Structural Breaks

This implementation is based on Chapter 17 of the book Advances in Financial Machine Learning. Structural breaks, like the transition from one market regime to another, represent the shift in the behaviour of market participants.

The first market participant to notice the changes in the market can adapt to them before others and, consequently, gain an advantage over market participants who have not yet noticed market regime changes.

To quote Marcos Lopez de Prado, “Structural breaks offer some of the best risk/rewards”.

We can classify the structural break in two general categories:

  1. CUSUM tests: These test whether the cumulative forecasting errors significantly deviate from white noise.
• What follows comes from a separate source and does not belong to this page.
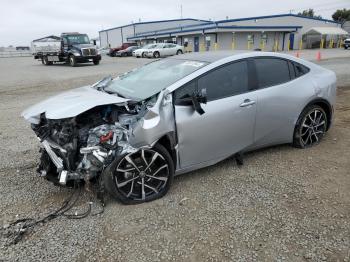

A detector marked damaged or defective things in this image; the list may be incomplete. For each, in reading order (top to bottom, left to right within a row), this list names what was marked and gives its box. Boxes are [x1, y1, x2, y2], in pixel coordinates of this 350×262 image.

damaged hood [21, 85, 129, 123]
  2. Explosiveness tests: Beyond deviation from white noise, these test whether the process exhibits exponential growth or collapse, as this is inconsistent with a random walk or stationary process, and it is unsustainable in the long run.

Note

Underlying Literature

The following sources elaborate extensively on the topic:

CUSUM tests

Chu-Stinchcombe-White CUSUM Test on Levels

We are given a set of observations \(t = 1, ... , T\) and we assume an array of features \(x_{i}\) to be predictive of a value \(y_{t}\) .
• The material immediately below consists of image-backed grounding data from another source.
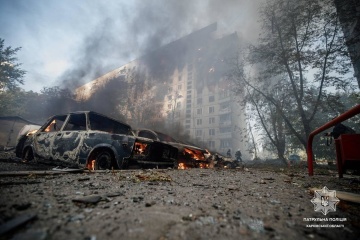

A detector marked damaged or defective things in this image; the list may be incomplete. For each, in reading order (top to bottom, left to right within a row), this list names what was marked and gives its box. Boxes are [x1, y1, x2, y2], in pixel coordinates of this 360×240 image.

damaged building [76, 23, 249, 158]
destroyed vehicle [15, 111, 179, 170]
burned car [15, 111, 179, 170]
destroyed vehicle [134, 129, 210, 169]
burned car [134, 129, 210, 169]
\[y_{t} = \beta_{t}x_{t} + \epsilon_{t}\]

Authors of the Testing for Speculative Bubbles in Stock Markets: A Comparison of Alternative Methods paper suggest assuming \(H_{0} : \beta_{t} = 0\) and therefore forecast \(E_{t-1}[\Delta y_{t}] = 0\). This allows working directly with \(y_{t}\) instead of computing recursive least squares (RLS) estimates of \(\beta\) .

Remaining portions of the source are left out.